(no title)
ketamine__ | 4 years ago
https://twitter.com/r_h_ebright/status/1405239078698815489?s...
> The Wuhan lab constructed novel chimeric viruses that combined spike genes from new bat SARS-related coronaviruses with the genomic backbone of another bat SARS-related coronavirus.
> These were viruses that were novel, not viruses that were present in nature.
https://journals.plos.org/plospathogens/article?id=10.1371/j...
lamontcg|4 years ago
And your citation is to:
> Discovery of a rich gene pool of bat SARS-related coronaviruses provides new insights into the origin of SARS coronavirus
Yes. There is a massive amount that we still don't know about the genoomic diversity of sarbecoviruses in bats in and around China. This is the kind of study that we need a whole lot more of. No idea what your point is.
ketamine__|4 years ago
2) You only read the title of the article I linked that was in sub-tweets. See the following tweet:
https://mobile.twitter.com/R_H_Ebright/status/14052391926286...

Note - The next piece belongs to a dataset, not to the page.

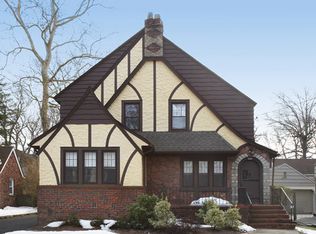 536 Wyndham Rd, Teaneck, NJ 07666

> The construction of novel chimeric SARS-related coronaviruses able to infect human cells and lab animals at WIV (1) was published with acknowledgment to NIH grant AI110964 (https://journals.plos.org/plospathogens/article?id=10.1371/j...) and (2) was reported to NIH under NIH grant AI110964 (https://reporter.nih.gov/search/0dVX_GElSEGDOsNMZq7qaQ/proje...)
So, yes, gain of function research was happening at WIV.